AVAILABLE DATA:
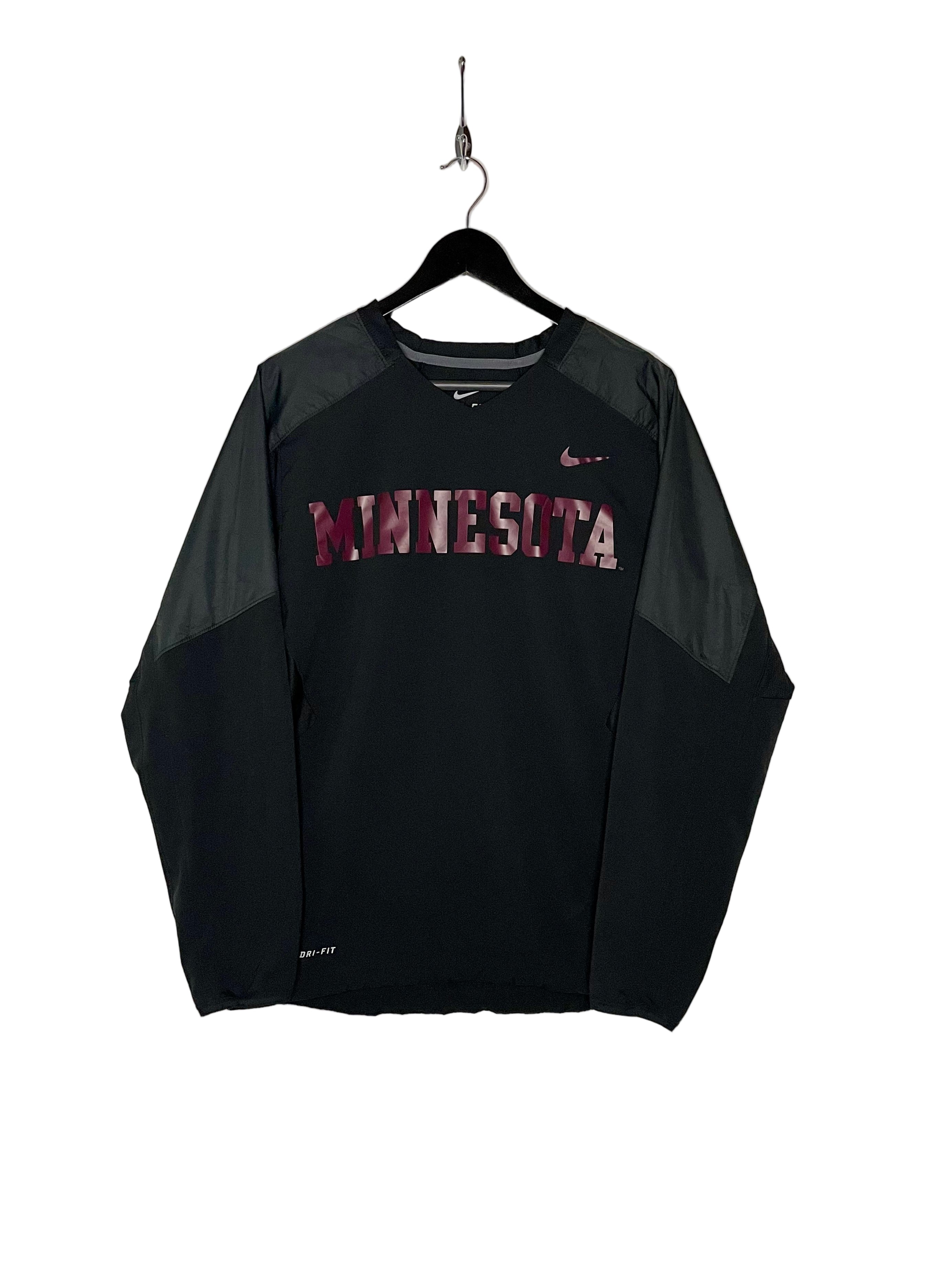 Nike Windbreaker Minnesota Schwarz Größe S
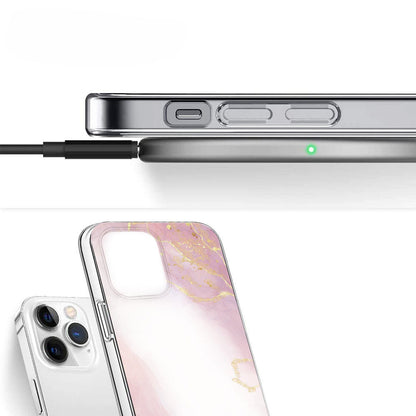 iPhone 15 Pro Pink Marble Case - Fashionable Look | Inspire Series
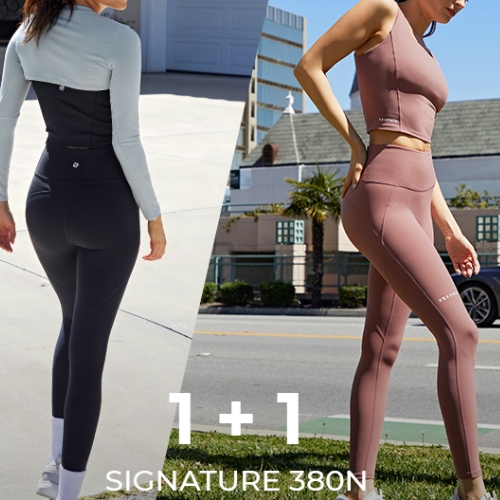 젝시믹스  블랙라벨 시그니처 380N 레깅스 2팩 XP9167F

TASK: Your copy should hold exactly the lines from the one that contains "iPhone 15 Pro" through the final line of the data, both ends included, and no pictures.

COMPLETED EXERCISE:
 iPhone 15 Pro Pink Marble Case - Fashionable Look | Inspire Series
 젝시믹스  블랙라벨 시그니처 380N 레깅스 2팩 XP9167F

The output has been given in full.